By Joyce Kryszak
Buffalo, NY – School districts around New York State are hoping residents will vote Tuesday to retain adequate resources for schools. But Masten District Councilman Antoine Thompson said schools are losing more and more of the most valuable resource - students.
The closed Buffalo Traditional School served as the stark backdrop for the launch of Thompson's public education campaign.
He said nearly two thousand students have dropped out of Buffalo public schools in the last three years alone. He adds that, due to errors in reporting, the number is probably even higher.
"Two thousand young people dropping out of school in the twenty first century, to me, represents a crisis," said Thompson.
Thompson cited several reasons for the increased rate, including tougher state education standards, fewer vocational programs, poverty, and inadequate community response.
And he said this is not a problem that stops at the school door.
"Over sixty percent of the people who go into jail at the time of incarceration do not have a GED or high school diploma," said Thompson. "Once they go to jail though, if they get a GED or high school diploma, they are less likely to go back to jail."
Thompson saidd getting the courts to require diplomas or a GED would go a long way toward halting the trend and reducing urban crime.
According to Thompson, more than ten thousand African Americans in Buffalo don't have a high school diploma or GED. And he said that means many of them will end up breaking the law to make a living.
Sam Herbert is a retired lab technician who is back in school to become a teacher.
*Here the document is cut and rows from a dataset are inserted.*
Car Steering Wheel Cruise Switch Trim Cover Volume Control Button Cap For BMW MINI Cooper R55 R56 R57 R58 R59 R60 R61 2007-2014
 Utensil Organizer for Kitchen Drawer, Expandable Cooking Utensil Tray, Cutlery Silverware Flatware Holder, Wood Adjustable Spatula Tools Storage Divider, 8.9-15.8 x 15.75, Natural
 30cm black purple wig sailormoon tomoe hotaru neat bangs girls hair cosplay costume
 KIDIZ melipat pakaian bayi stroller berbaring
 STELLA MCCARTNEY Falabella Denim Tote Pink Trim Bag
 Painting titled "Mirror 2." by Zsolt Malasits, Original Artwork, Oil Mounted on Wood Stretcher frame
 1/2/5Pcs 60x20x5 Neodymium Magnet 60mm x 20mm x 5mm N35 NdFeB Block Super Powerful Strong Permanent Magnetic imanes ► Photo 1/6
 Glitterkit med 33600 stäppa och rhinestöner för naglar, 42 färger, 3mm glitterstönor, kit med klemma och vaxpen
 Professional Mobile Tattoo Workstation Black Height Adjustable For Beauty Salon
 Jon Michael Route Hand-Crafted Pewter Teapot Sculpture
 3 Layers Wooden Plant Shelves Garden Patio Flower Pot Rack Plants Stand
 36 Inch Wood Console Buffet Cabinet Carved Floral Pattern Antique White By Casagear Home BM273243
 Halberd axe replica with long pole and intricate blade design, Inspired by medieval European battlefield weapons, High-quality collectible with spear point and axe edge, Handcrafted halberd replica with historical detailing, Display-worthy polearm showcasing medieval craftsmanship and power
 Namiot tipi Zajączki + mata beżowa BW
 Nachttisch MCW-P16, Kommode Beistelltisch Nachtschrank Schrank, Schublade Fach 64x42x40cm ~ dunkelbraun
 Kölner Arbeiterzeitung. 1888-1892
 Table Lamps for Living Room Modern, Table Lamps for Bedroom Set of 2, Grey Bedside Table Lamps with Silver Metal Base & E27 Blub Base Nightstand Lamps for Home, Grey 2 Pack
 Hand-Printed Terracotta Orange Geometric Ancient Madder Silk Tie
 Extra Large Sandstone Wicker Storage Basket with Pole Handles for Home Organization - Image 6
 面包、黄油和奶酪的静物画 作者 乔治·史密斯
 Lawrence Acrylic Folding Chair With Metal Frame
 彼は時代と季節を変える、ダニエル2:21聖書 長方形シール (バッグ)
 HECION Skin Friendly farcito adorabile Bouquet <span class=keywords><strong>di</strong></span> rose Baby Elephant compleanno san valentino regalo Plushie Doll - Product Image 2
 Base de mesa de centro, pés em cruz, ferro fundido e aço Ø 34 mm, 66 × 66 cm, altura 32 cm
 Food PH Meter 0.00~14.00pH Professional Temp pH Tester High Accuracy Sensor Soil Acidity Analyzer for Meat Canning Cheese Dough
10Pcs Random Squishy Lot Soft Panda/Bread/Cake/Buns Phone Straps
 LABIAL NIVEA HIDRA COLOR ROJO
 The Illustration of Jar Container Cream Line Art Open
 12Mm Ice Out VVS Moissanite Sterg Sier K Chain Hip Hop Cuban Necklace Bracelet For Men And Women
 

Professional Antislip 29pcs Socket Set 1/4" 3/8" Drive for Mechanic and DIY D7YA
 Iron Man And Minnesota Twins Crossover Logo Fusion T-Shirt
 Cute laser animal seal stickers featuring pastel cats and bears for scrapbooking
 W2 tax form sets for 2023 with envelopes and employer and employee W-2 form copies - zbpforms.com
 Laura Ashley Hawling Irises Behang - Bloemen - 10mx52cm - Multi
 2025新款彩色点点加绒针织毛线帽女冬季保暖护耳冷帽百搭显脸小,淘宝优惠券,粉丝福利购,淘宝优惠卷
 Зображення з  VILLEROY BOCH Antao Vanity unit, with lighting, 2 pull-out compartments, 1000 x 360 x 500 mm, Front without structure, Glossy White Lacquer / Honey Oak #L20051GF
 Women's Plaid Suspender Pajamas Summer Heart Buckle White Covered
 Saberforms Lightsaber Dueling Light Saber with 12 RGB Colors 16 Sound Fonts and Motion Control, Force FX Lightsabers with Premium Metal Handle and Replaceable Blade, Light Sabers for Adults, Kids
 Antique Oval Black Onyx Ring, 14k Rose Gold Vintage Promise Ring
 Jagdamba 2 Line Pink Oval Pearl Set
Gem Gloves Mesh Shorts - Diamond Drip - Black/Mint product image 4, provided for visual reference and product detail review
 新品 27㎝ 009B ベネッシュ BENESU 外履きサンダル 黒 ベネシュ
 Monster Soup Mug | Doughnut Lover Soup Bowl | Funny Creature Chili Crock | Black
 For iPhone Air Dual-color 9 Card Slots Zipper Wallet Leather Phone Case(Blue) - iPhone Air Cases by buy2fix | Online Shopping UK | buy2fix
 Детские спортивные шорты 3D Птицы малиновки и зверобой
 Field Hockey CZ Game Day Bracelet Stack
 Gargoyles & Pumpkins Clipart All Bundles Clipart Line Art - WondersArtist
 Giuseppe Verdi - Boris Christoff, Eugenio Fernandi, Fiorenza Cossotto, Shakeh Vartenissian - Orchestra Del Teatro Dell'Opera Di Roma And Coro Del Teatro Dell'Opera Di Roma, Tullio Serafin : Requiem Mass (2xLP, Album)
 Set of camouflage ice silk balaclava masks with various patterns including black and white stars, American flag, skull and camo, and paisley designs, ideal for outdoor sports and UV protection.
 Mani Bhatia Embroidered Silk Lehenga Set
He says mentors like himself could help show kids there's a better way.
"We have to become more child centered and we have to really develop a curriculum that is going to include increasing people receiving their GED," said Herbert."
Thompson said the city's twenty-five GED programs have trouble attracting enough students to stay open.
As chair of the education committee, the councilman saidd he will work to increase public awareness, as well as push the board of education to make the reforms needed to keep kids from leaving school in the first place.